- [Work request]: Beginning at the line that holds "NFL 2' x 3'" and continuing to the last line of the data below, transcribe every line word for word, without pictures.

---- Source data

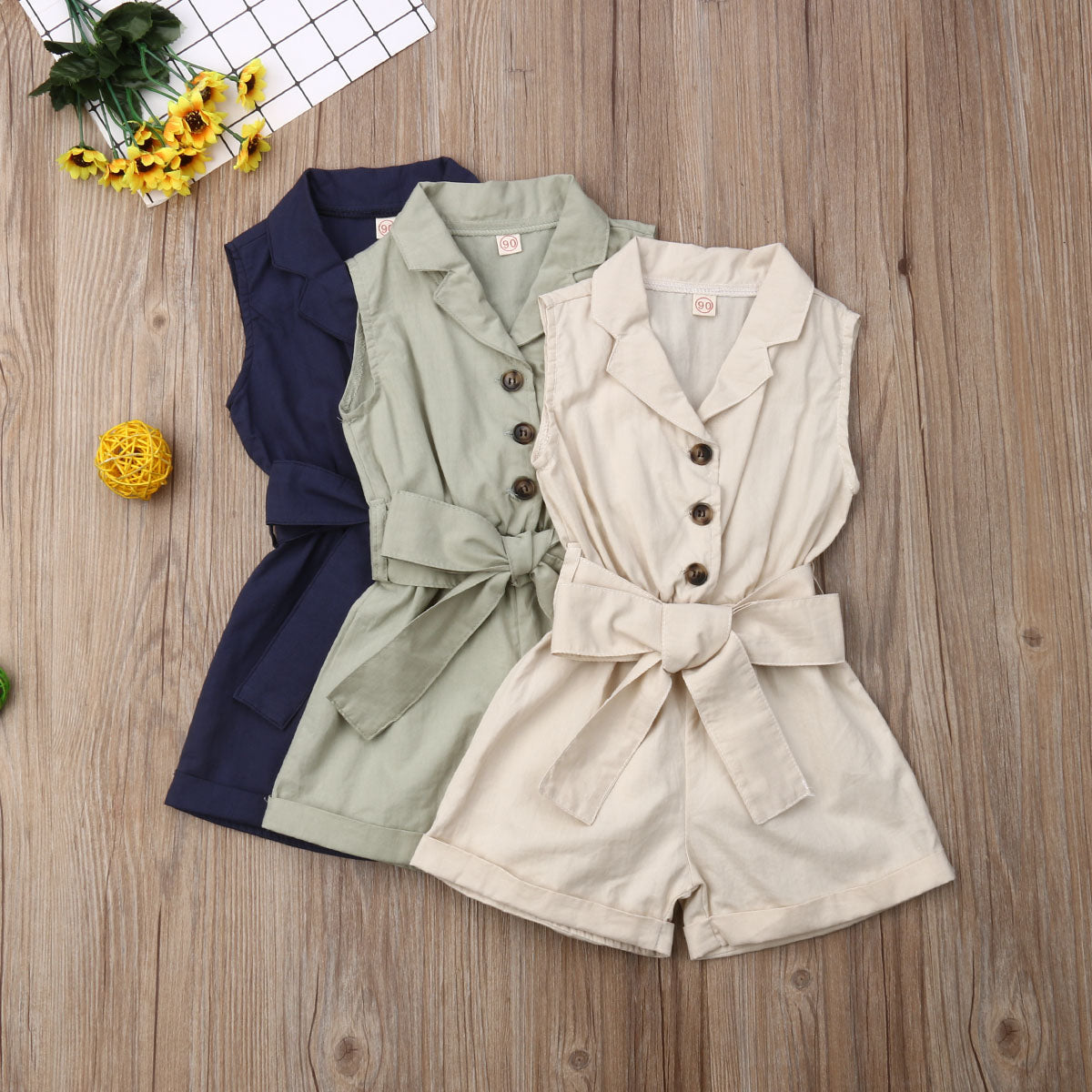 Fashion Kids Baby Girls Clothes Sleeveless Bow-tie Waist Playsuits Outfits Summer Sunsuit Overall Children Clothing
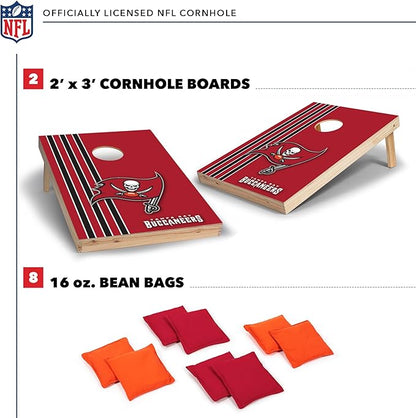 NFL 2' x 3' Solid Wood Cornhole Set with Direct Print HD Team Graphics – Great Gift for Any Football Fan! Bean Bag Toss Family Outdoor Games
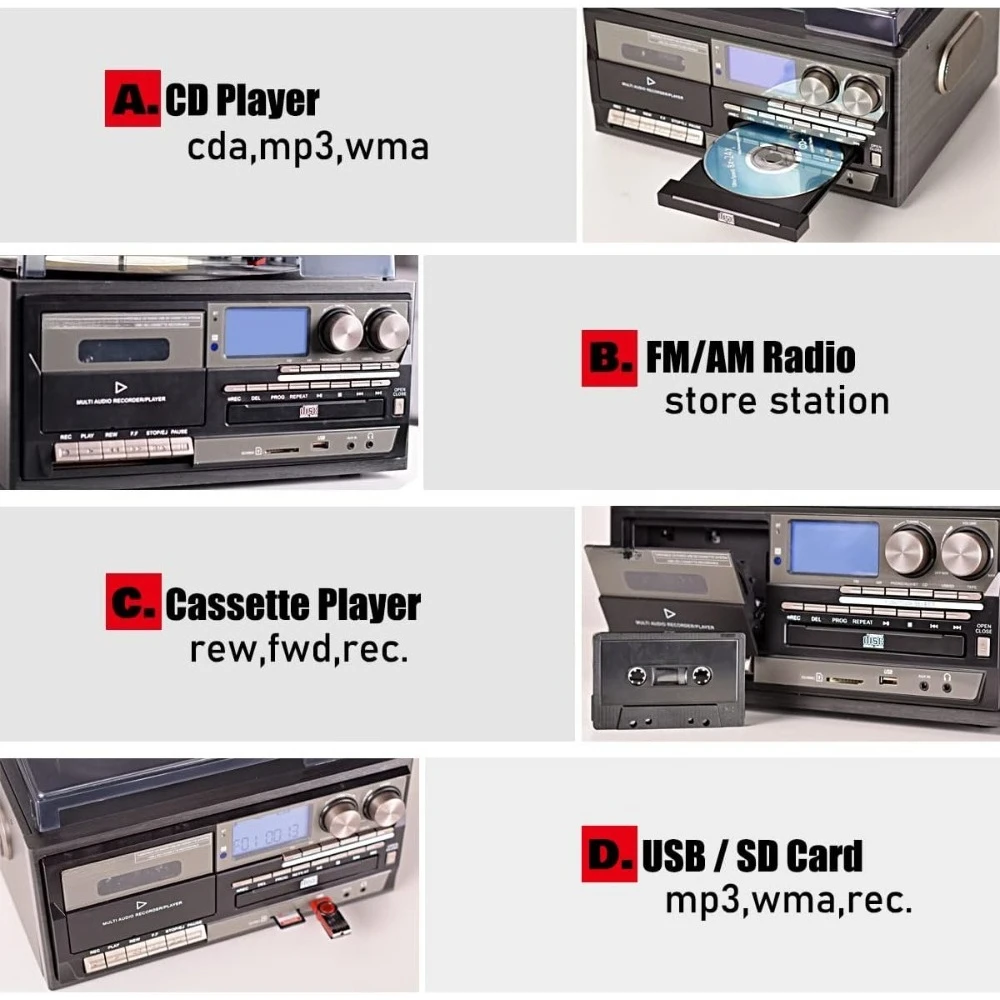 الأفضل - مشغل تسجيلات من الفينيل 10 في 1 3 سرعات بلوتوث عتيق القرص الدوار مشغل كاسيت الأقراص المضغوطة AM/FM راديو USB مسجل، خط RCA خارج #4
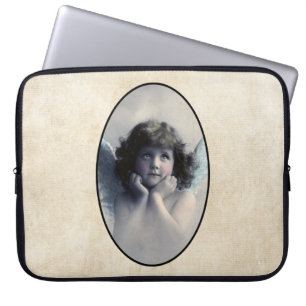 Sweet Rosy Cheeked Vintage Angel in Clouds Laptop Sleeve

--------

- [Response box]:
 NFL 2' x 3' Solid Wood Cornhole Set with Direct Print HD Team Graphics – Great Gift for Any Football Fan! Bean Bag Toss Family Outdoor Games
 الأفضل - مشغل تسجيلات من الفينيل 10 في 1 3 سرعات بلوتوث عتيق القرص الدوار مشغل كاسيت الأقراص المضغوطة AM/FM راديو USB مسجل، خط RCA خارج #4
 Sweet Rosy Cheeked Vintage Angel in Clouds Laptop Sleeve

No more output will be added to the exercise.